А тогда под нарами так хотелось, чтобы они повернули оружие против немцев, открыли второй фронт, а нас бы взяли разведчиками, как знающих местный язык и здешние условия. Но поезд продолжал стучать колесами на запад, а итальянцы, конечно же, думали о своей Родине, а не о нашей. Может быть, они, как и славяне, подвержены ностальгии?

Часа в два ночи поезд остановился и наступила тишина, длившаяся несколько мгновений. Затем послышалась громкая команда на немецком: «Открыть двери» и, как только они загремели — с двух сторон вдоль вагонов вспыхнули яркие прожектора. Метрах в десяти от вагонов почти сплошной стеной стояли эсэсовцы, многие с собаками, автоматы были угрожающе направлены на вагоны. Тут же послышалась вторая команда: «Выйти из вагонов и положить оружие».

Итальянцы, совершенно не похожие на тех, что вламывались в вагоны днем, покорно выпрыгивали, осторожно, с вежливой покорностью клали оружие на землю прямо у немецких сапог и выстраивались шеренгами вдоль эшелона.

Так провалилась наша вторая мечта — о втором фронте. Выпрыгнув из вагона за спинами итальянцев, мы, пригнувшись, стали пробираться к голове состава, чтобы выйти из освещенной зоны. Вместе с нами пробиралось еще несколько человек. Впереди шла женщина с двумя детьми, мы пристроились за ней и вместе вышли из немецкого оцепления. К удивлению, немцы нас пропустили свободно и даже не обратили внимания. Выйдя к помещению вокзала, прочитали название станции — Гришино.

Так мы расстались с итальянцами. Но, как оказалось — не надолго: ранней весной толпы итальянских солдат появились в Днепропетровске. Они ходили с оружием в руках и предлагали его за буханку хлеба, настоятельно рекомендуя вооружаться. Во двор к Сушко забрел унтер, предлагая наган и маузер за две буханки. Мы с Юркой со страхом отрицательно замотали головами, и он понуро пошел со двора. Юрий вбежал в дом, что-то вынес ему, догнал и сунул в руку. Не оглядываясь, итальянец продолжал идти, жуя на ходу.

…Похоже, это была благодарность за генеральские галеты. А потом прошел слух, что задержанных в Гришино итальянских солдат и офицеров расстреляли в Западной Украине.

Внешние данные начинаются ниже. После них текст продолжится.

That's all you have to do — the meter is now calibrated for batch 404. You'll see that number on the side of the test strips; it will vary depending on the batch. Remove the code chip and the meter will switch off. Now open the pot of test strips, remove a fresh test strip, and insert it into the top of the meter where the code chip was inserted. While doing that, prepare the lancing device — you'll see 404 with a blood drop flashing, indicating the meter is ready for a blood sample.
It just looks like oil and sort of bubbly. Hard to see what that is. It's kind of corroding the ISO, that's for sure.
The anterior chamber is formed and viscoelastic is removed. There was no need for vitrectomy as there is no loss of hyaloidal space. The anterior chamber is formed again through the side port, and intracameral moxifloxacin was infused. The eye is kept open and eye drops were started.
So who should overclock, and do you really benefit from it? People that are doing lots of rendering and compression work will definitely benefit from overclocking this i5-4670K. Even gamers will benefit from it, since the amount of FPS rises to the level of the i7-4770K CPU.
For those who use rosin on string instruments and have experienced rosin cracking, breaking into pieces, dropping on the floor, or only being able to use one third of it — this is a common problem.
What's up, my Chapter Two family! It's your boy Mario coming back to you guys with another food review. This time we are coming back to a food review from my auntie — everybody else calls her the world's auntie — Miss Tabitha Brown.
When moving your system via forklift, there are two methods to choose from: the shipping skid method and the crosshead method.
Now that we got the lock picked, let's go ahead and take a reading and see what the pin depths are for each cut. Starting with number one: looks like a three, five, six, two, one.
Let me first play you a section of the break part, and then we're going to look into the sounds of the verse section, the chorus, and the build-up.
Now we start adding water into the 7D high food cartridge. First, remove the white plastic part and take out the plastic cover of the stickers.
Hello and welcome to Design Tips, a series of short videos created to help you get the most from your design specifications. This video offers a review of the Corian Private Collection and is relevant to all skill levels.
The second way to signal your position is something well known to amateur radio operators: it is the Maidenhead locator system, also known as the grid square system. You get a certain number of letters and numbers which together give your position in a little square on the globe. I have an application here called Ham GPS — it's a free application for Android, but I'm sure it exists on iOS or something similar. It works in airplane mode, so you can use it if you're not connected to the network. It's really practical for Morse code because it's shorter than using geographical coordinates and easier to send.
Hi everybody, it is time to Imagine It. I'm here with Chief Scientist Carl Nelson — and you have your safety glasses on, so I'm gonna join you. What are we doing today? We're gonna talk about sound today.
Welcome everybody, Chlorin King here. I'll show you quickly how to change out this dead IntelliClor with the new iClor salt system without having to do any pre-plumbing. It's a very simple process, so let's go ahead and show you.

Мы быстро пошли по улице, мороз подгонял и, после относительно теплого вагона, не могли согреться. Отойдя от вокзала несколько кварталов, стали стучать и проситься в дома. Казалось — безнадежно, но едва стукнули в четвертый дом, как дверь распахнулась: на пороге стоял не старый еще мужчина в пальто и шапке, вопросительно глядя на нас. Мы попросились. Хотя подвох был виден, бежать было нельзя: обе его руки были опущены в карманы пальто. Мужчина отреагировал мгновенно: пригласил переночевать, но сказал, что живет в двух кварталах отсюда.

Чувствуя, что влипли, мы обреченно шли за ним. Улица была широкая, с высокими сугробами, снег скрипел под ногами, бежать нам было некуда, тем более, что правую руку он из кармана не вынимал.

Вышли на маленькую площадь, свернули чуть влево и направились к длинному дому на противоположной стороне. Подойдя ближе, рассмотрели светящуюся синим светом вывеску — «УКРАИНСКАЯ ВСПОМОГАТЕЛЬНАЯ ПОЛИЦИЯ».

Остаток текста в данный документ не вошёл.